* [Short text fragments from websites]

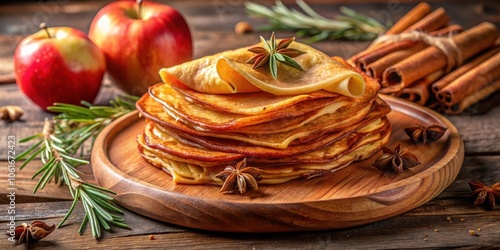 A stack of golden brown pancakes, topped with a star anise, and surrounded by cinnamon sticks and apples on a wooden table. photo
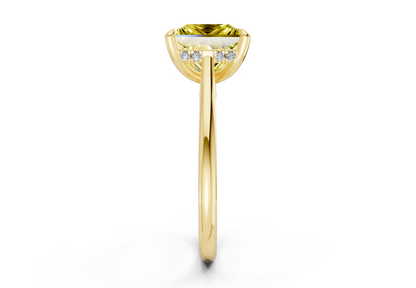Piper Yellow Diamond Solitaire Princess Cut 2.3mm Engagement Ring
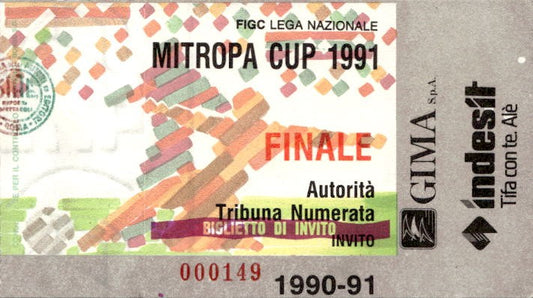 Biglietto stadio FIGC Lega Nazionale Mitropa Cup 1991 Finale n 000149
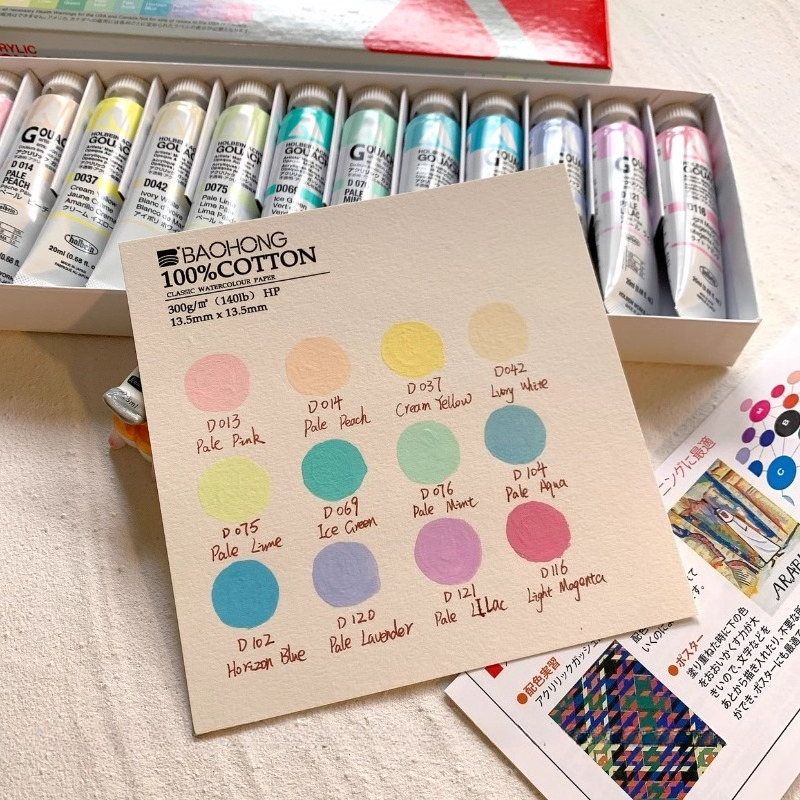 Holbein12 Color Opaque Acrylic – обзор и цена Gouache Paint Set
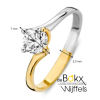 Gouden ring in geel en wit goud met een grote zirkonia steen maat 54 - 600690 Gouden ring in geel en wit goud met een grote zirkonia steen maat 54 - 600690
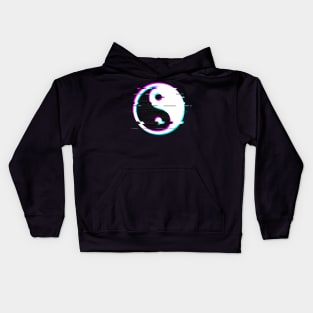 yin yang glitch Kids Hoodie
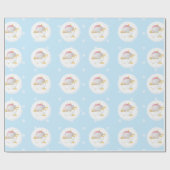 Papier Cadeau Bébé mignon Eléphant Anniversaire (Plat)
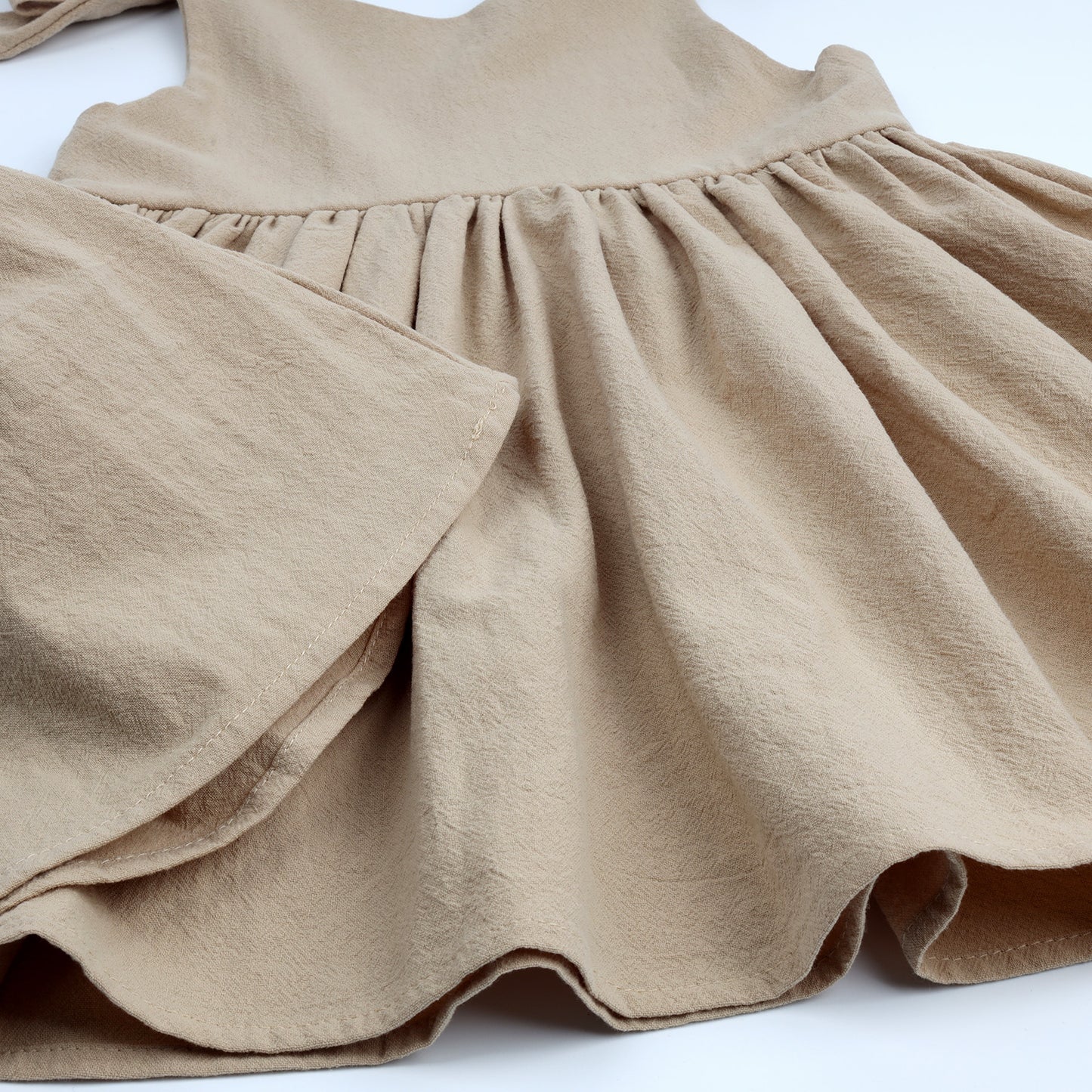 Baby Toddler Girls 100% Cotton Solid Color Slip Dress Cotton and Linen Texture Large Hemline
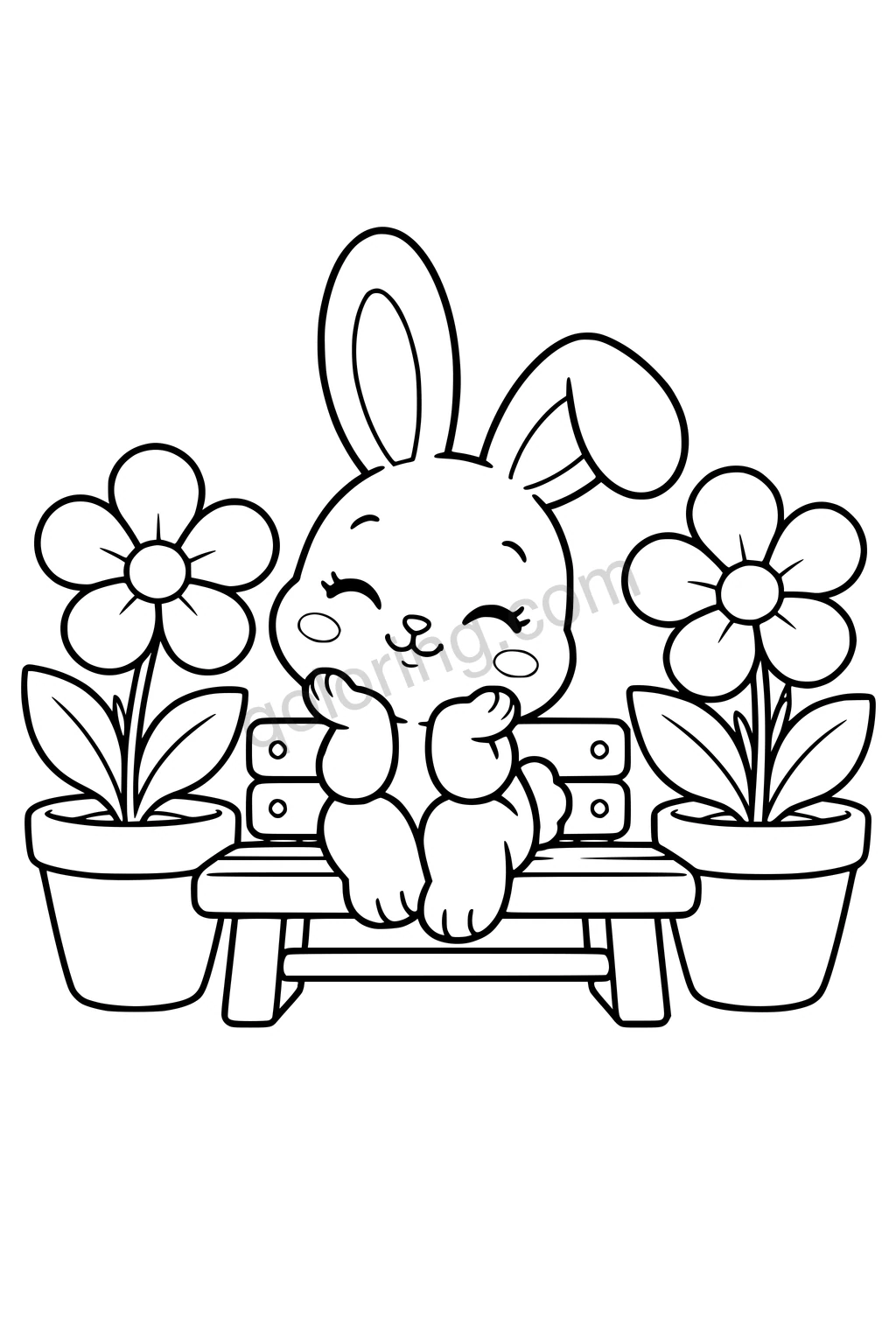 Black outline coloring page: Bunny's Cozy Garden Bench.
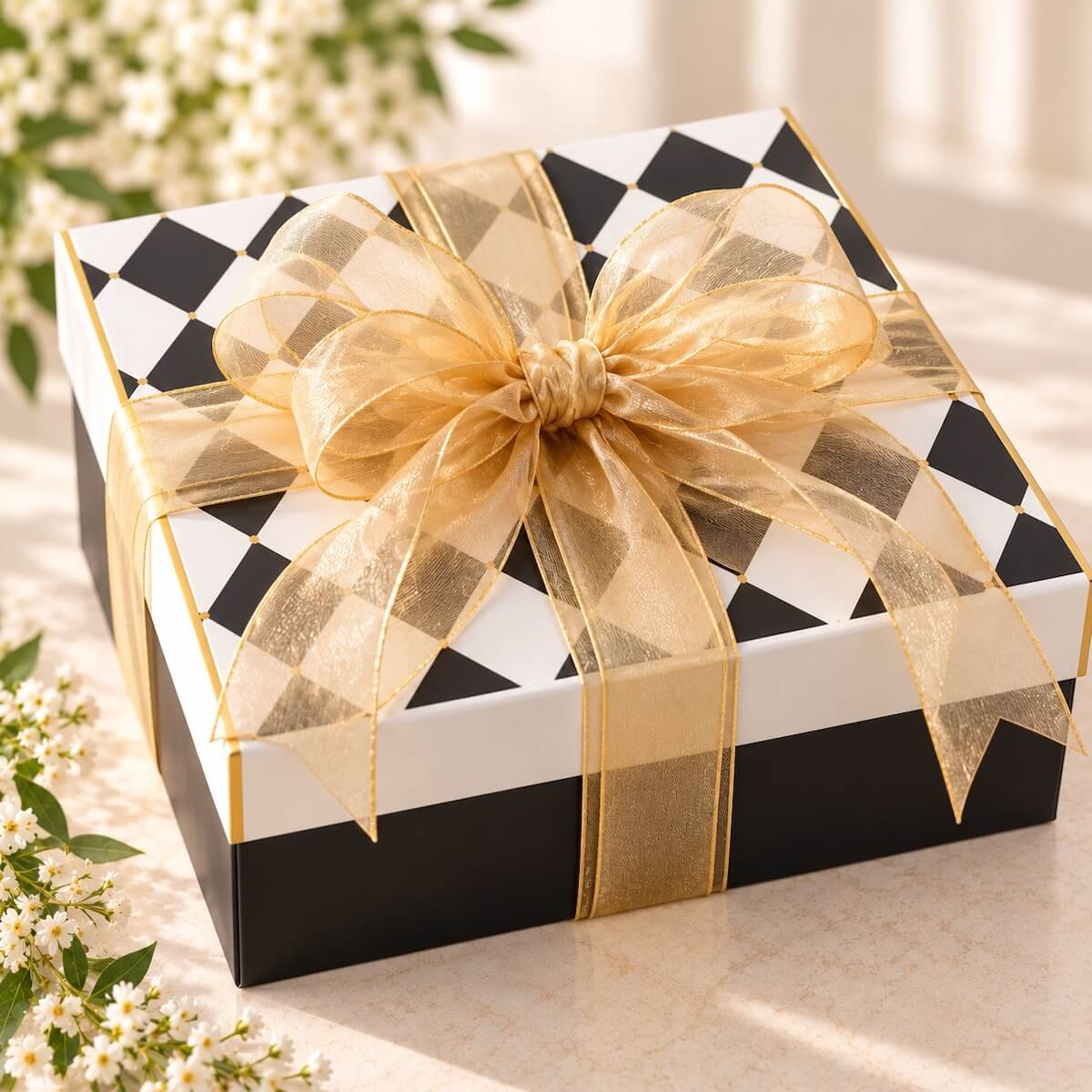 Black white and gold magnetic close gift box with gold ribbons.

* [TASK TO COMPLETE] Above are some records. Output exactly the lines from the one that contains "- 600690 Gouden" to the one that contains "Papier Cadeau Bébé", keeping both, and omit the pictures.

* [RESPONSE TO THE EXERCISE]
 Gouden ring in geel en wit goud met een grote zirkonia steen maat 54 - 600690 Gouden ring in geel en wit goud met een grote zirkonia steen maat 54 - 600690
 yin yang glitch Kids Hoodie
 Papier Cadeau Bébé mignon Eléphant Anniversaire (Plat)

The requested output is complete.